The Secret: ,Music Inspired By is a reflexive journey, very alluring, and very compelling listening to those who want to try a 'different' sort of music. I am saying 'different' and not alternative, because the latter implies a genre in itself. Sladek, who hails from the Czech Republic via Weybridge, in Surrey, SE England, comes from an area which was known its brand of experimental bands. Canterbury, the old cathedral city not so far away, spawned the likes of Atomic Rooster, Kevin Ayers, Wild Flowers, Soft Machine and many others. All of these bands possessed a flair for delivering their own brand of so-called 'progressive music' and quite a few progressed into even more experimental, at times obscure sounds.

That was almost 40 years ago. Back in this present day and age, one David Sladek enters the fold and comes up with an album that does not recall the eclecticism that characterized those heady days but it does say so much about clever, well-wrought experimental music that fuses incidental, cinematic themes, neo-classical, ambient sounds that characterised the likes of Gong and Soft Machine. At times as on Receive, there are even hints of Mike Oldfield.

The Secret: ...Music Inspired By is essentially a song-cycle that moves along perceptions, introspections and emotion. Sladek seems to have placed a lot of commitment into delivering instrumental songs that do not sound clinical, or worse still derived. The title song, a mixture of industrial sounds coupled with terse, orchestral sounds says so much about man trying to pursue his own self in a hectic, cold and clinical society. It is a question of an artiste trying to come to terms with himself, his creative self and other creative selves too. In Energy this quest comes about with a quirky sequence of synths sounds, which are then punctuated by some experimental playing which again conveys an impression of escapism from the monotony of a secular, grey post-modern world. Energy is full of colour and sounds more like Saint-Saens re-charged for the 21st century. Two other arrangements, Health and Wealth relate to man’s concerns about security, and as such convey a very wistful aura. The arpeggios on Health sound so sensitive as they lend themselves to a more complex set of arrangements, and Happiness sounds more abstract with its blends of synths harps and orchestral pomp, which draws it closer to Ennio Morricone’s or Vangelis’ film soundtrack contributions. Its grandeur implies peace of heart and mind, under God’s watchful eye, and as such it allows for Sladek’s more extravagant side as a musician and arranger.

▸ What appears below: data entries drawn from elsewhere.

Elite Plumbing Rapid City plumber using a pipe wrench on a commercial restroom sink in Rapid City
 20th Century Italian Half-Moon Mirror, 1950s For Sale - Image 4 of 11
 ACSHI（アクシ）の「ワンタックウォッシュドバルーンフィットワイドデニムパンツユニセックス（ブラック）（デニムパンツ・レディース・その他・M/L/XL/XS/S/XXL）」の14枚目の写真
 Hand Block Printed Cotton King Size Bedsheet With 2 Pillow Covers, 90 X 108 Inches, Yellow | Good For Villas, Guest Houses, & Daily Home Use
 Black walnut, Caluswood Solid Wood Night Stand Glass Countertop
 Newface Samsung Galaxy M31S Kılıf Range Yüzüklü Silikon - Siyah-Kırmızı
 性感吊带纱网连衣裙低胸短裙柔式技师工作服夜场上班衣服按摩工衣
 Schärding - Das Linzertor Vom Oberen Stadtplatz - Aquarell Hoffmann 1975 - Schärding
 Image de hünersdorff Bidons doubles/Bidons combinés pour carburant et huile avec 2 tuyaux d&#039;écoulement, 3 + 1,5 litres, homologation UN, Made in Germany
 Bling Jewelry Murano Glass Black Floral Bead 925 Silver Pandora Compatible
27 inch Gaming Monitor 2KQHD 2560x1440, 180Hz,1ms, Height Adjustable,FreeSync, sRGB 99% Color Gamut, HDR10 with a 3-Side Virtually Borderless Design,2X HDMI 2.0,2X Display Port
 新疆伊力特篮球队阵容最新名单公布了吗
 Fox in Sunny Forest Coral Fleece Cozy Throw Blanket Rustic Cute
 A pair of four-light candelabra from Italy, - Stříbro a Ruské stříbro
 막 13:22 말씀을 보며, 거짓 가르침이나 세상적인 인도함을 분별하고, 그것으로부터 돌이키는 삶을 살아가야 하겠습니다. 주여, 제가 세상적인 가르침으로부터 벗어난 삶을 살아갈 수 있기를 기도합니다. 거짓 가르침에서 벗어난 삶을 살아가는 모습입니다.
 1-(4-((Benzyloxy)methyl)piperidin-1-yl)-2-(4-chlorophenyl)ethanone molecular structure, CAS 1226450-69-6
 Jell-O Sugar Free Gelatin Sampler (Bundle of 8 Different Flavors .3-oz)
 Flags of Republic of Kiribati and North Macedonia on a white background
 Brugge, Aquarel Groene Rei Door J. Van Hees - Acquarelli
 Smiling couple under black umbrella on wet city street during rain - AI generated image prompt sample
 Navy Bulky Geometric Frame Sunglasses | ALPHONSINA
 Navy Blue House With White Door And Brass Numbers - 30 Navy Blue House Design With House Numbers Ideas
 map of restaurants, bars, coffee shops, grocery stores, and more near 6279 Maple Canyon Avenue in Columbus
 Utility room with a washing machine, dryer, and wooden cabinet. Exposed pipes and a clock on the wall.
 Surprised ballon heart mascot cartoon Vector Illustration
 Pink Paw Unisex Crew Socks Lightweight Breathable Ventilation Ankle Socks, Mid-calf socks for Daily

For fairness’ sake The Secret: ...Music Inspired By does show restraint on pomp and pretence, and as such, should help it reach out to an audience that really wants to find a good chill-out album with a difference. Intelligent music can come out in a different way, not least when a musician like David Sladek himself seems to have done a lot of soul-searching. Meditation which closes this anthology is a quiet tune, interspersed with un-discernible glibs and discourse, implying man’s difficulty in coming to terms with himself. As an epilogue, it reveals Sladek’s concerns in this modern world, alienated by so many issues. In his sleeve notes, David Sladek states that 'this album is dedicated to all who fight for the good, for their life, for the future and the future of us all. May they never give up on their dreams,.' Life is full of unpredictable twists and quirks, at times pleasant, but occasionally sad and bad.

The Secret: ...Music Inspired By attempts to find a mystery behind all these but ends up as open-ended in a manner that is expected, in the sense that one cannot solve mysteries, at least spiritual ones, not least those connected with suffering and injustice. It does however convey such thought-shapes in a very versatile and warm, empathic manner.